Ask Your Question

Revision history [back]

click to hide/show revision 1
initial version

opencv_dnn provides incorrect inferences after transform_graph

I am running into a problem that has been encountered by a few people mentioned in Pull Request #9517.

I basically trained a MobileNet using Tensorflow's retrain.py as described in HackerNoon post Creating insanely fast image classifiers with MobileNet in TensorFlow.

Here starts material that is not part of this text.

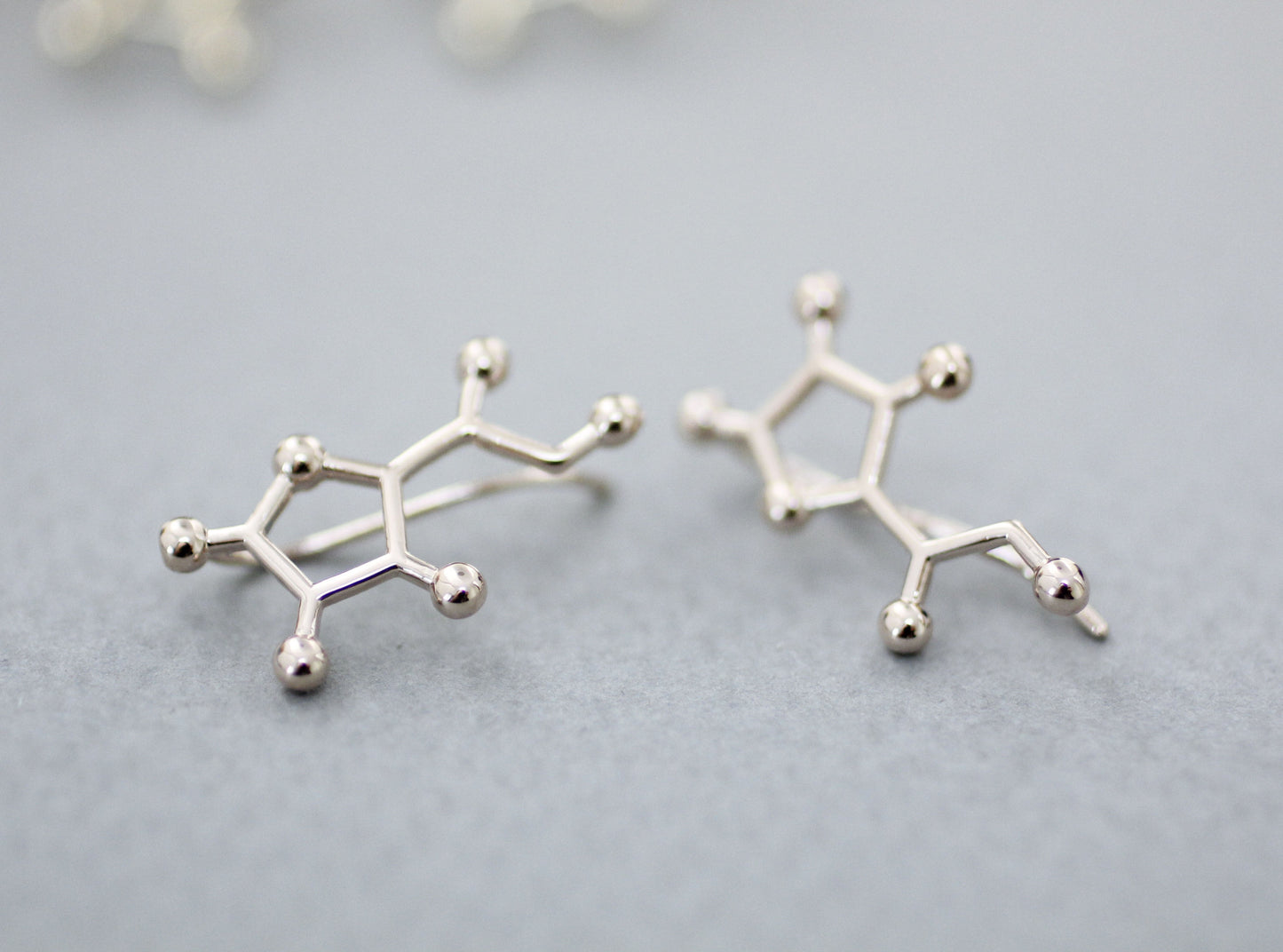 Vitamin C Molecule Ear climber earrings, Vitamin Ear Crawler earrings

Once the imagery is setup, the network is trained as follows:

#!/bin/bash -xe

TF_ROOT=/home/ubuntu/src/tensorflow/tensorflow
DATA_ROOT=/home/ubuntu/data

python $TF_ROOT/examples/image_retraining/retrain.py \
    --image_dir $DATA_ROOT \
    --learning_rate=0.001 \
    --testing_percentage=20 \
    --validation_percentage=20 \
    --train_batch_size=32 \
    --validation_batch_size=-1 \
    --flip_left_right \
    --random_crop=30 \
    --random_scale=30 \
    --random_brightness=30 \
    --eval_step_interval=100 \
    --how_many_training_steps=2000 \
    --architecture mobilenet_1.0_224

Then graph is then transformed using Tensorflow's transform_graph tool:

~/Development/tensorflow/bazel-bin/tensorflow/tools/graph_transforms/transform_graph \
--in_graph=mobilenet_1.0_224.pb \
--out_graph=deploynet_1.0_224.pb \
--inputs=input \
--outputs=final_result \
--transforms="fold_constants sort_by_execution_order remove_nodes(op=Squeeze, op=PlaceholderWithDefault)"

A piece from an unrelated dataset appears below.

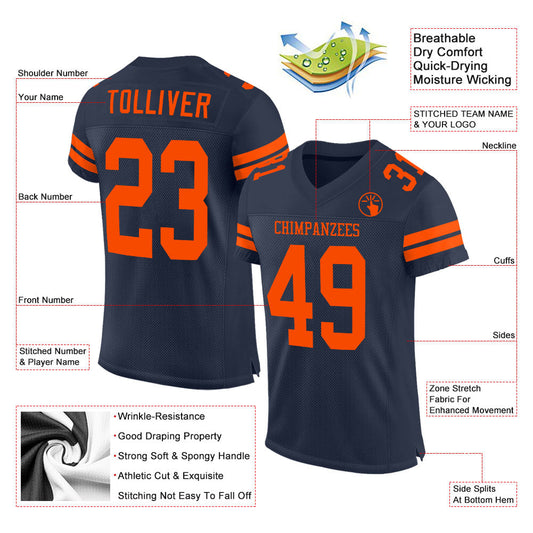 Custom Navy Orange Mesh Authentic Football Jersey - Sky-Custom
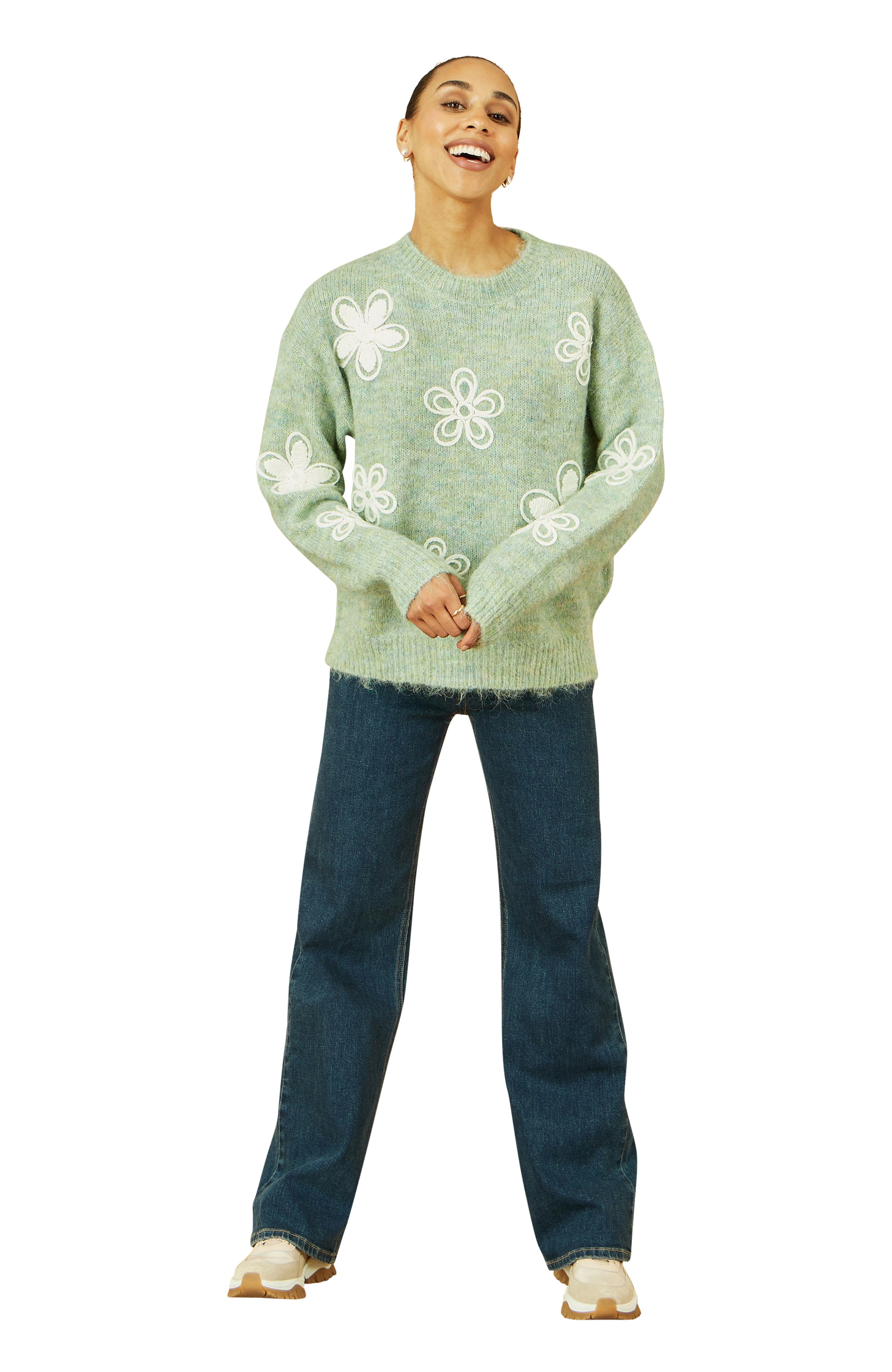 Crochet Flower Knit Sweater - image 3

The summarize_graph tensorflow tool shows the following output:

Found 1 possible inputs: (name=input, type=float(1), shape=[1,224,224,3]) 
No variables spotted.
Found 1 possible outputs: (name=final_result, op=Softmax) 
Found 4235007 (4.24M) const parameters, 0 (0) variable parameters, and 0 control_edges
Op types used: 86 Const, 28 Add, 27 Mul, 27 Relu6, 15 Conv2D, 13 DepthwiseConv2dNative, 1 AvgPool, 1 BiasAdd, 1 Identity, 1 MatMul, 1 Placeholder, 1 Reshape, 1 Softmax
To use with tensorflow/tools/benchmark:benchmark_model try these arguments:
bazel run tensorflow/tools/benchmark:benchmark_model -- --graph=/home/wlucas/Temp/dnn/deploynet_1.0_224.pb --show_flops --input_layer=input --input_layer_type=float --input_layer_shape=1,224,224,3 --output_layer=final_result

Testing the inference engine after these adjustments generally shows a 99% confidence of the second class regardless of the correct class presented (with the exception of training imagery); whereas, Tensorflow Mobile correctly infers the image as expected.

Any thoughts or help would be greatly appreciated!